▶ **WHAT THIS TASK INVOLVES**:
An exact copy of the listing is required, with its pictures removed.
────────────────────────────────────────
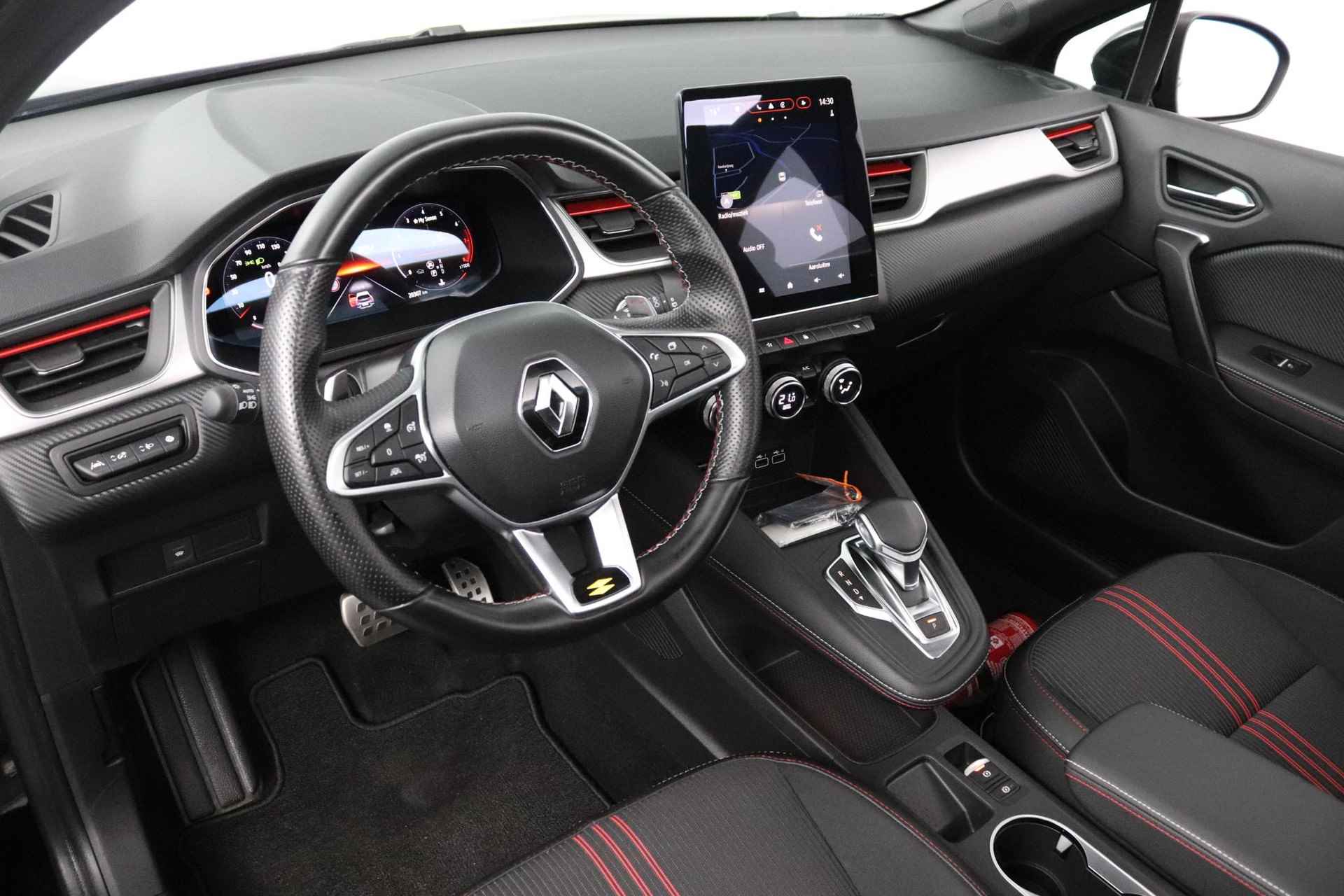 Renault Captur 1.3 Mild Hybrid 140 EDC R.S. Line | Panoramadak | Camera | Stoelverwarming | - 4/56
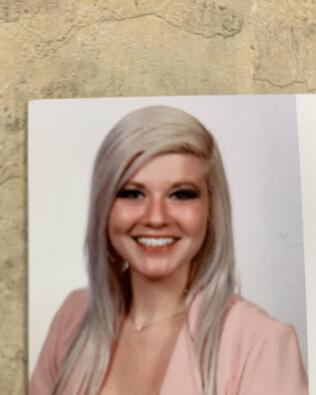 Headshot of Sierra Owens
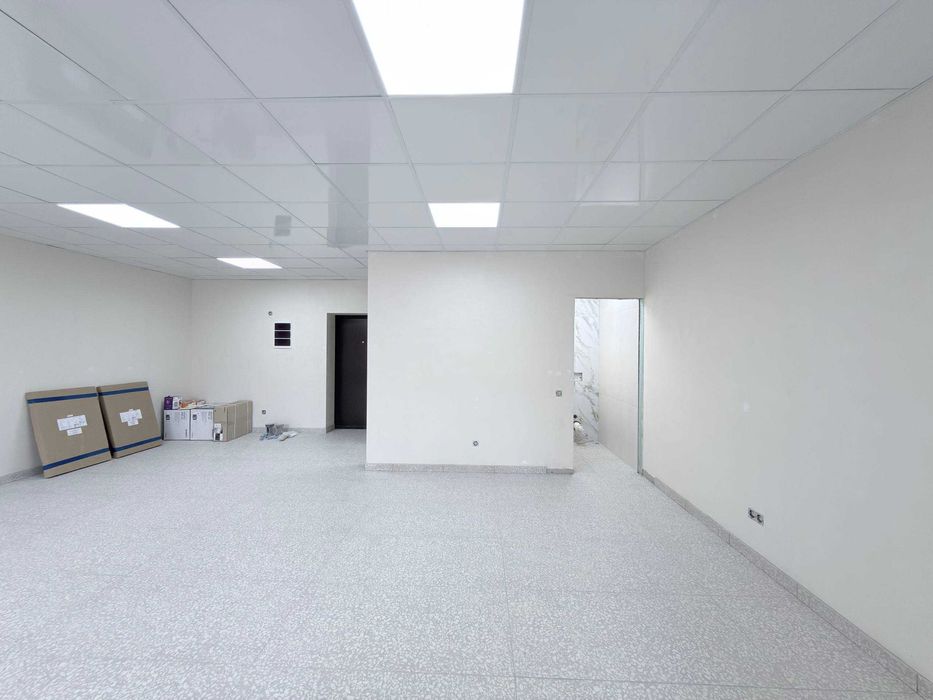 Оренда приміщення з новим ремонтом. 52м2. Левада.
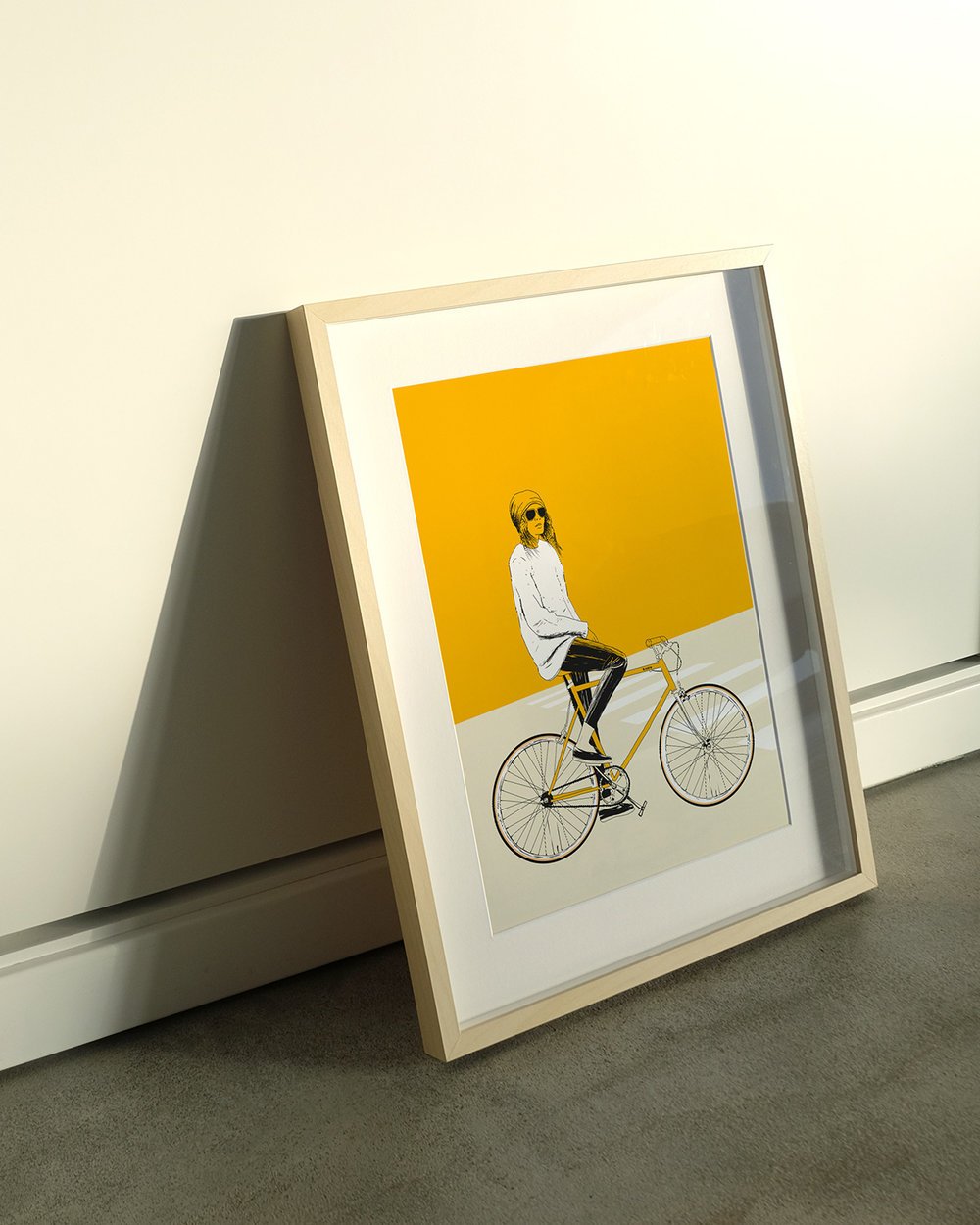 ilustração de mulher a andar de bicicleta amarela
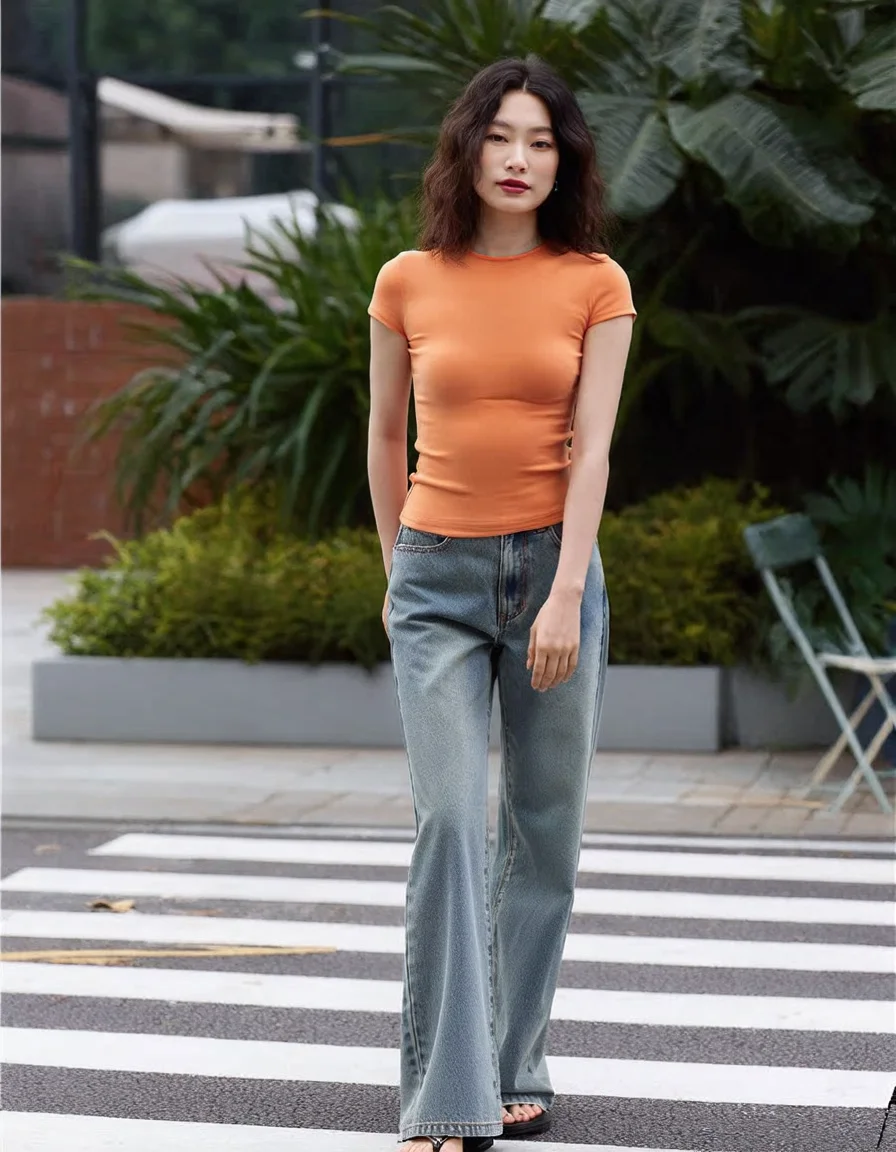 プリーツスカート コーデの完全ガイド｜トップス選びの秘密とスタイルバランス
────────────────────────────────────────
▶ **TASK OUTPUT**:
 Renault Captur 1.3 Mild Hybrid 140 EDC R.S. Line | Panoramadak | Camera | Stoelverwarming | - 4/56
 Headshot of Sierra Owens
 Оренда приміщення з новим ремонтом. 52м2. Левада.
 ilustração de mulher a andar de bicicleta amarela
 プリーツスカート コーデの完全ガイド｜トップス選びの秘密とスタイルバランス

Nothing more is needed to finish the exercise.